> _WORK ORDER_:
All that should be output is the block of lines below from the line with "Fabia Combi 1,0 TSI Clever Navi LED CarPlay" to the line with "3141 Michelson - Photo Thumbnail 16", both included, exactly as written.

> _Records contained in a dataset_:
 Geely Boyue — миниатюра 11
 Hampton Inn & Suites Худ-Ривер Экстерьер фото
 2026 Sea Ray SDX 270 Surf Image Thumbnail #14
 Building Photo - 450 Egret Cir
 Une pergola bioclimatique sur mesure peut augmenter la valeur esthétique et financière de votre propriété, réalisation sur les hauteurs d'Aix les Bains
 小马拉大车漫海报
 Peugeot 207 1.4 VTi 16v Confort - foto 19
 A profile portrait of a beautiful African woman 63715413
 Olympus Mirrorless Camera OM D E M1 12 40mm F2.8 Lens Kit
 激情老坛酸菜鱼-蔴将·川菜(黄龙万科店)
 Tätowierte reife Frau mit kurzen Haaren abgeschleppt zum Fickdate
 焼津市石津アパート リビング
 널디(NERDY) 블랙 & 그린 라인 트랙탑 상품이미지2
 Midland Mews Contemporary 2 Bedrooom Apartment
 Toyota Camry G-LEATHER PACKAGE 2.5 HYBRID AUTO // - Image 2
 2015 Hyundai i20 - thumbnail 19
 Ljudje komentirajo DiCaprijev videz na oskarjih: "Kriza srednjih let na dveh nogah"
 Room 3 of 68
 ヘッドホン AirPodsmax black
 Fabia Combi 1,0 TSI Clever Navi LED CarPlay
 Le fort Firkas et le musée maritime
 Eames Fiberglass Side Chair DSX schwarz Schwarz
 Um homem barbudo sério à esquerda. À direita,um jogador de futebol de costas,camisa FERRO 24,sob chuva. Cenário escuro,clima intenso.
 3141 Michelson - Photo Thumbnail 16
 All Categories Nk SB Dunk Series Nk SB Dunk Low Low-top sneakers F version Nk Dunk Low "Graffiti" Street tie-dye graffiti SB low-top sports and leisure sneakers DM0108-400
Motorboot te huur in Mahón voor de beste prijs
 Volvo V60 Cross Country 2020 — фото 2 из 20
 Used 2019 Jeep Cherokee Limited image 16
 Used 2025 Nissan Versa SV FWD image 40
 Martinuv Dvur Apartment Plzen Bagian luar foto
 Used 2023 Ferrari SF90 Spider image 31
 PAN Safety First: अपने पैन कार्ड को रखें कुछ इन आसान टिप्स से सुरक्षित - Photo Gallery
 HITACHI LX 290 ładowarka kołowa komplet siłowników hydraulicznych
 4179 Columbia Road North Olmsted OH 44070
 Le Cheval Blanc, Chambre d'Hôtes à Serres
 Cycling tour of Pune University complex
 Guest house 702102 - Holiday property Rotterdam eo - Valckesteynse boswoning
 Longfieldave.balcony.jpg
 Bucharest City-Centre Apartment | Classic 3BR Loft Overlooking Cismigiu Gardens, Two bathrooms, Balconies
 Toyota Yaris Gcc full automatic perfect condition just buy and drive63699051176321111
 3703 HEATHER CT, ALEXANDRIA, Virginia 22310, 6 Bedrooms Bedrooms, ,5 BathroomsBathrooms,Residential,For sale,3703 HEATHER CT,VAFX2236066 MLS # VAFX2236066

> _RESULT OF THIS TASK_:
 Fabia Combi 1,0 TSI Clever Navi LED CarPlay
 Le fort Firkas et le musée maritime
 Eames Fiberglass Side Chair DSX schwarz Schwarz
 Um homem barbudo sério à esquerda. À direita,um jogador de futebol de costas,camisa FERRO 24,sob chuva. Cenário escuro,clima intenso.
 3141 Michelson - Photo Thumbnail 16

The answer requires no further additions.